Nous pensons aussi aux élections municipales et locales qui vont avoir lieu. Avec la Commission Justice et Paix nous allons certainement recommencer les actions menées au moment des élections législatives et présidentielles. Nous avons le souci de visiter les imams et de participer aux grandes cérémonies musulmanes des différentes confréries quand nous sommes invités. Nous sommes heureux de travailler également avec l’association ATD/Quart Monde qui est présente et qui fait une action très importante dans les quartiers auprès des nécessiteux.

Bien sûr toutes ces activités sont menées dans le cadre de la paroisse, en lien avec le Conseil paroissial qui ensuite les évalue, et en accord et en partage avec les autres membres de l’équipe pastorale. L’essentiel étant pour nous de former des laïcs et de les soutenir dans leurs responsabilités car c’est eux qui sont présents dans la société et qui peuvent mener l’évangélisation en profondeur. Mais je noterai aussi la nécessité absolue de parler au moins le ouolof, et si possible le mandjak, pour faire un travail d’Evangélisation en profondeur. Il nous faut réfléchir sérieusement à cette question, nous les spiritains, car souvent nous ne nous donnons pas la peine d’apprendre vraiment la langue des gens. Nous nous contentons alors de traductions approximatives faites par d’autres, et nous limitons nos relations à ceux qui parlent français, parfois très imparfaitement, car ce n’est pas leur langue maternelle.

Nous pensons qu’à travers tout cela, nous arrivons à vivre selon nos possibilités le charisme spiritain, comme nous le demande en particulier la règle de vie spiritaine, par exemple au n° 14 : « Nous considérons comme partie constitutive de notre mission d’évangélisation : * La libération intégrale de l’homme * L’action pour la justice et pour la paix * La participation au développement. Nous devons, de ce fait, nous faire les avocats, les soutiens et les défenseurs des faibles et des petits contre tous ceux qui les oppriment ». Et à travers notre engagement dans le doyenné, comme nous le demande le n° 13 : « Nous prenons nos engagements particuliers en communion avec l’Eglise de notre temps. Concrètement ce sont les églises locales qui assument la mission du Christ dans les divers territoires, et nous y participons selon notre vocation propre ».

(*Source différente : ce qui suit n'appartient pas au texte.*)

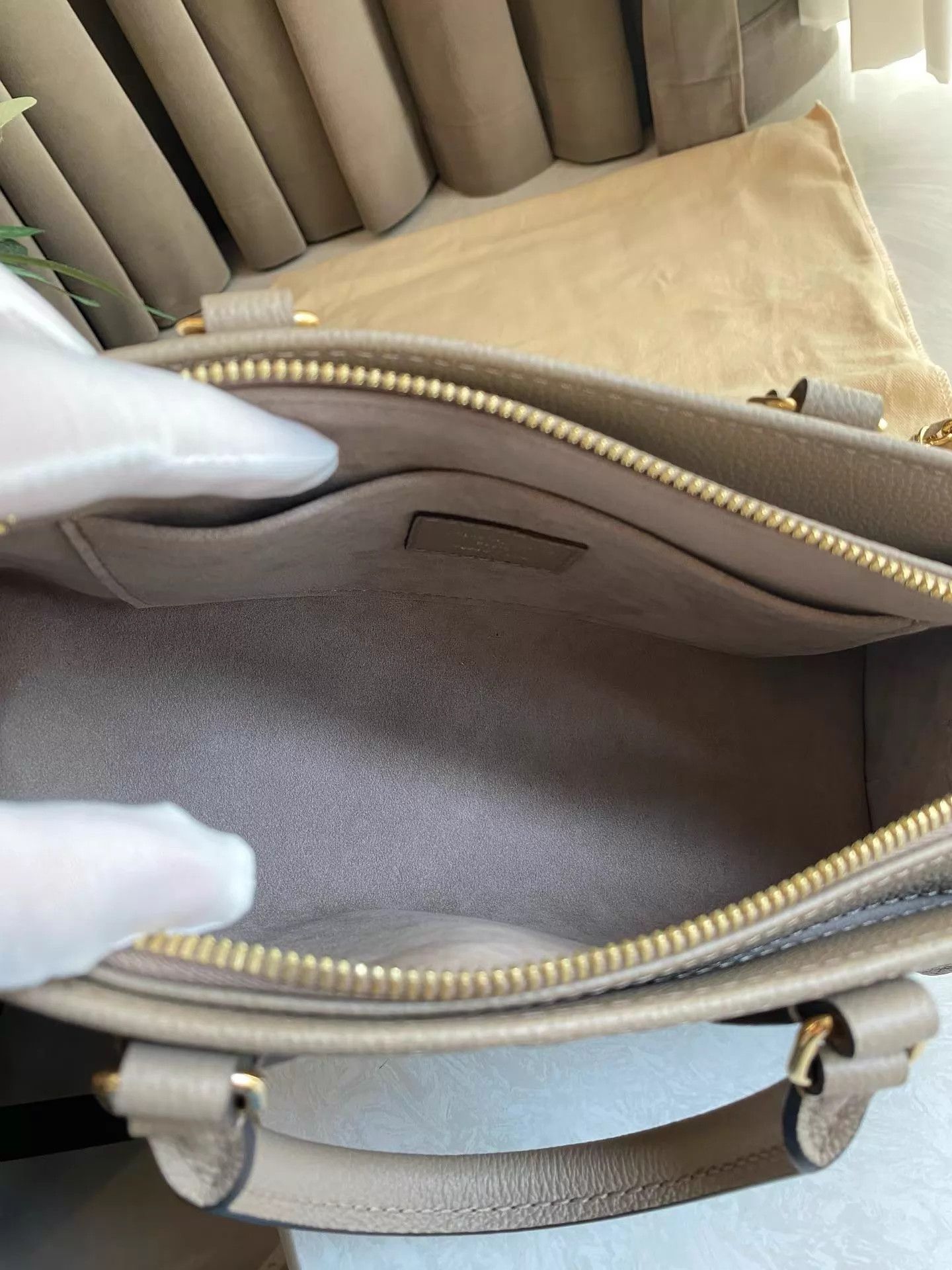 Louis Vuitton LV Onthego Elephant Grey 99New 26.5x10x14 M988 Dust Bag Size ONE SIZE - 9 Thumbnail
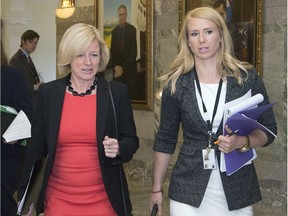 Rachel Notley and press secretary Cheryl Oates in 2015.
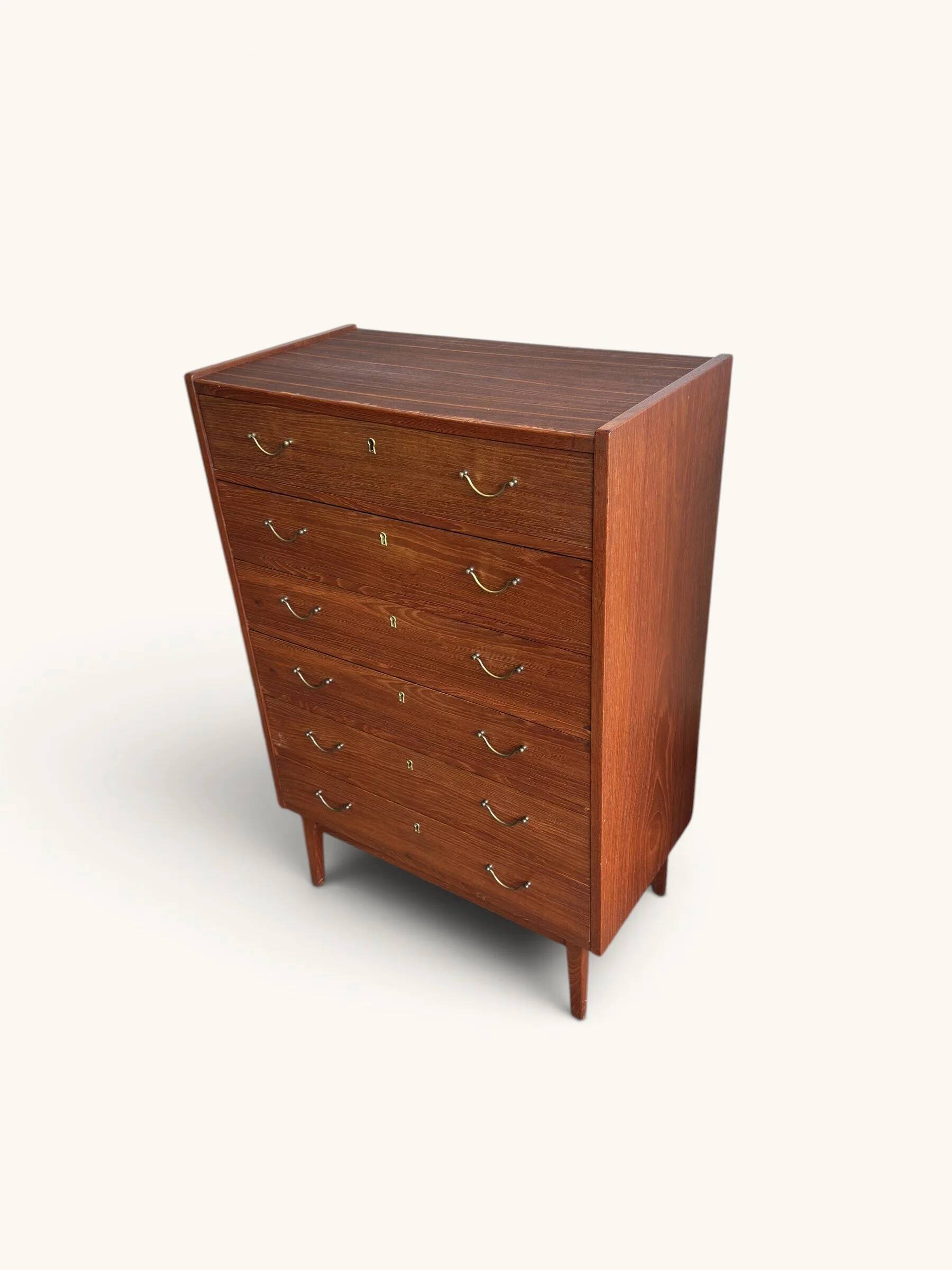 Chiffonnier danois vintage « tallboy » en placage teck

Ce qui fait ma joie : C’est que je suis dans une communauté où, malgré nos différences de caractère, de culture et de théologie, nous nous entendons très bien. C’est vraiment l’essentiel. Ma joie c’est aussi de travailler avec des jeunes qui veulent vraiment s’engager. C’est aussi de travailler avec des laîcs, qui sont prêts à changer, et qui ont envie de se former. C’est de rencontrer chaque jour dans les quartiers, des gens qui agissent pour faire avancer les choses.